Records for processing:
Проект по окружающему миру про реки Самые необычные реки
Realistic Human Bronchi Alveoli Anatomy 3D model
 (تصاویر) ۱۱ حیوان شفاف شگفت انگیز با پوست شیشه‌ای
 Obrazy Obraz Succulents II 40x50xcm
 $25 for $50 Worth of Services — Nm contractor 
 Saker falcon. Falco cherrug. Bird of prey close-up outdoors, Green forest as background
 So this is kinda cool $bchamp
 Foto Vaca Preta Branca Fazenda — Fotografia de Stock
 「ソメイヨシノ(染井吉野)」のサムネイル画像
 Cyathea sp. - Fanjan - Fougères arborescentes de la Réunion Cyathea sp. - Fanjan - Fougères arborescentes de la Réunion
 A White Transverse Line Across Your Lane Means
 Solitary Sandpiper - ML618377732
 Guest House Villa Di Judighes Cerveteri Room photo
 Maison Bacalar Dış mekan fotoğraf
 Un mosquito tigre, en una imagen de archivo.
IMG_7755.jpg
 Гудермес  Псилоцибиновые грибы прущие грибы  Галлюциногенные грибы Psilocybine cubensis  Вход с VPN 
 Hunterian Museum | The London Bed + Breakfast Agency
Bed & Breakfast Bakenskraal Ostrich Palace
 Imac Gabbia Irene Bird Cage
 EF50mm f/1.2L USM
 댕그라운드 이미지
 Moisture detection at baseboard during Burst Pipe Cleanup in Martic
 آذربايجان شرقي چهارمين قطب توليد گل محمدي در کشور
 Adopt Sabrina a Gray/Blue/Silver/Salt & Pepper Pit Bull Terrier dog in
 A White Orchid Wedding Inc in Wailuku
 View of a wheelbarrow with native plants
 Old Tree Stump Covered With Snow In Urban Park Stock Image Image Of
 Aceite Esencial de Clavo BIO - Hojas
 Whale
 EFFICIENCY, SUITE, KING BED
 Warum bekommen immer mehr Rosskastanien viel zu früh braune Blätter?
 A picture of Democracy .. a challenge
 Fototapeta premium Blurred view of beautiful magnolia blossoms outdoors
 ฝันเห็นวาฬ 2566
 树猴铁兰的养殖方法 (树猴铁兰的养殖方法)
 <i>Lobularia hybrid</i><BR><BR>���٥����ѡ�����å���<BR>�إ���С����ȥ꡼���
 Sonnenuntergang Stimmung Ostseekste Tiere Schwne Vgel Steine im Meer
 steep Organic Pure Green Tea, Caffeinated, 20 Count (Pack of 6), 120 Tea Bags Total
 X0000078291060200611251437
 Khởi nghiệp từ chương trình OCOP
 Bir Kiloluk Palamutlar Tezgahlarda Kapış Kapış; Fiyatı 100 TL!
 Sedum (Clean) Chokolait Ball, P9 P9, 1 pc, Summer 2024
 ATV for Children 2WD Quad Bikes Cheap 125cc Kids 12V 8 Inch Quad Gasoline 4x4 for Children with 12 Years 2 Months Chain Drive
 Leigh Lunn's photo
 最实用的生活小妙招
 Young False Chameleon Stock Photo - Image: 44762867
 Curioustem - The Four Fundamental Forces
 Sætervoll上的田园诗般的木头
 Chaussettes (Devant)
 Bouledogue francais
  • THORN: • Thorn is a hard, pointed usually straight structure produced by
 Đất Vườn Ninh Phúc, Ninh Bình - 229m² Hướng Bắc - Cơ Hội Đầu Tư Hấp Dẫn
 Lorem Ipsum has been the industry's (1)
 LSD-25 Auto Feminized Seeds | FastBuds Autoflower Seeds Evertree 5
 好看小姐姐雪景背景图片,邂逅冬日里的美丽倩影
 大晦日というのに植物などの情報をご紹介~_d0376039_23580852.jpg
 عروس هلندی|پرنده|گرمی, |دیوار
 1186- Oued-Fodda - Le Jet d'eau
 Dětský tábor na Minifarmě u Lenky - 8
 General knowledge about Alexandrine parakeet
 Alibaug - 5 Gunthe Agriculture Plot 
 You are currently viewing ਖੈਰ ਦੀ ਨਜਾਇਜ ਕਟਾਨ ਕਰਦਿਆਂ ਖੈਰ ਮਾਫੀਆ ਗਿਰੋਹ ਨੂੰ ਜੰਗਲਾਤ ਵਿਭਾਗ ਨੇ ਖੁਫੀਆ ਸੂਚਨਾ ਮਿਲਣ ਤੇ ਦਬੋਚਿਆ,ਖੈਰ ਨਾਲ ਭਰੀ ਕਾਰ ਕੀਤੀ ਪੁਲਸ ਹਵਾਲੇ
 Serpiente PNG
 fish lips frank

What is expected:
"outdoors" is the string to look for; please copy every line of the records above where it appears.

Reply:
 Saker falcon. Falco cherrug. Bird of prey close-up outdoors, Green forest as background
 Fototapeta premium Blurred view of beautiful magnolia blossoms outdoors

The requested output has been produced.